We played The Skeletons at Halloween last year and it got me thinking about a riff on it without violence or (mostly) any fantasy elements. The working title for the game is Graveyard, and I’ve already spent quite some time trying to come up with a title in the same vein that hasn’t already been used by a bunch of indie roleplaying games or films, and it’s not easy.

Last night I invited three people, taped up my bedroom window to keep even the scant winter light out, and proceeded to spend an hour in complete silence in the darkness, thinking about death.

Every 4-20 minutes we rouse, as someone comes to the graveyard to remember us. We talk about who it is and what it means, and after everyone has had a visitor, we resume contemplation in silence and darkness.

Snow covered cemetery in black and white
Hietaniemi cemetery in Helsinki, guessing 1995-1996. Photo by me.

What I’ve changed

The Skeletons brings the play together on a map. The players collaborate to draw and update a map that chronicles their tomb’s narrative. My version of that is an evolving graveyard. As time passes in the game, we add and change elements of the graveyeard to echo events in the game. This is all done verbally.

The Skeletons has invaders who breach the tomb, rousing the skeletal guardians the players portray, resulting in brief, bloody action scenes. My version is people who visit the grave, remembering the deceased. There might be conflict, but the deceased do not participate. They are passive.

The Skeletons has short meditation phases between the waking moments. They can be varied by player choice, and are between one and six minutes in length. I wanted to try significantly longer meditation phases, and started from four, going up to twenty.

The Skeletons takes place over a long period in the fiction, potentially millennia, or “ages”. I wanted to try to contain the experience on the deceased, limiting it to the perspective of a single generation: 20-30 years.

The characters in The Skeletons belong to weird fantasy thematically. While some of them might be construed as formerly human, many are something else. I wanted to try a version where the deceased are as close to real life as possible.

How it played

I expected the game to bring up feelings of real loss, longing, and grief, thanks to the real world setting. It did, to a degree, and multiple players were teary by the end, if not outright crying, myself included. But mainly we felt rested, at ease, and comforted. Cathartic and tired also came up. Some had expected a very solitary experience, and instead, community, kindness, and being supported by others were themes in play.

What the meditation does for the game is give you space to immerse in the fiction (for some – for others it had the opposite effect) and really think about the themes in peace: death, remembrance, love, regrets. It’s not usual for us to sit alone with just our thoughts on a subject for minutes on end, much less in a group setting. We don’t usually dwell on death unless we’re in mourning or dreading the impending death of someone close, and allowing ourselves to go there in relative peace, for a good long while, felt like it removed some of the threat, shining a warm light on it.

It depends on the person how the longer meditation phases work for them.
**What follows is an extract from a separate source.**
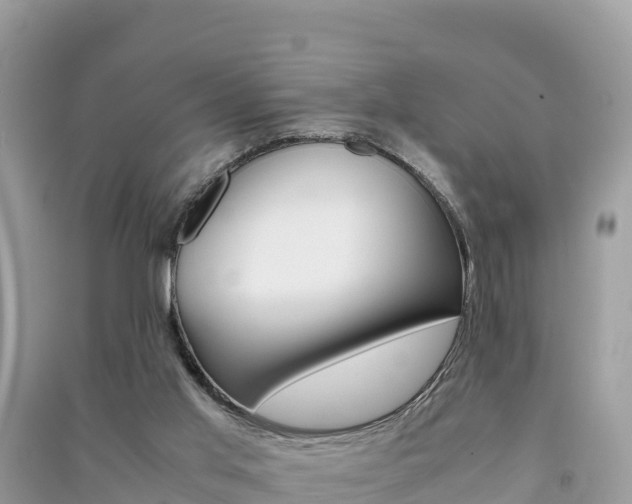X0000091300013200708101058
I feel a degree of player control could help here, perhaps having a baseline option (probably ten minutes), with a rotating order of a player getting to adjust that. What was common is a need to have something to focus on during the meditation. I believe I’ll add simple prompts for each game turn.

We didn’t use a soundtrack. Listening to each other’s bodies in the darkness for an hour was a strange experience. I’m glad we did it, but I believe most people would benefit from a bit of a masking soundscape, perhaps wind blowing through trees.

I felt quite intimate with the other players. Laying down or sitting in the darkness right next to everyone, with nothing but the sounds of our bodies for company, for an hour total (split in five phases), is an experience quite unlike what I normally do with people. It felt good to be able to share it.

Everyone brought a lot of their own experiences into the game, and it feels like this is something we should talk about before starting to play. Many players felt like they would want to play again, this time exploring a specific situation in their own lives.

Similarly, thanks to the fiction being so close to reality, it’s important to discuss where the boundaries for the fiction are.

I’d like to expand on the graveyard evolution somewhat, to make it a little more concrete, but I’m wary of it becoming too much of a focal point in play.

Most players struggled with immersion, and it seems the game would benefit from a transitory rite in the beginning – perhaps a funeral ritual for every deceased.

The characters, both the deceased and the ones remembering them, were very rough sketches in this version. I’m going to add a little detail to them to make them more relatable. Names alone could add a lot of weight.

We liked the closing scene. There’s a sunset on the graveyard we’ve been building together, and every deceased (player) has a visitor, all at the same time. This is the one time the deceased get to have an effect on the world, and the one exception to the “no fantasy” guideline. They can touch a loved one, or leave some kind of a sign. This felt very comforting, and a good way to say goodbye to the fiction.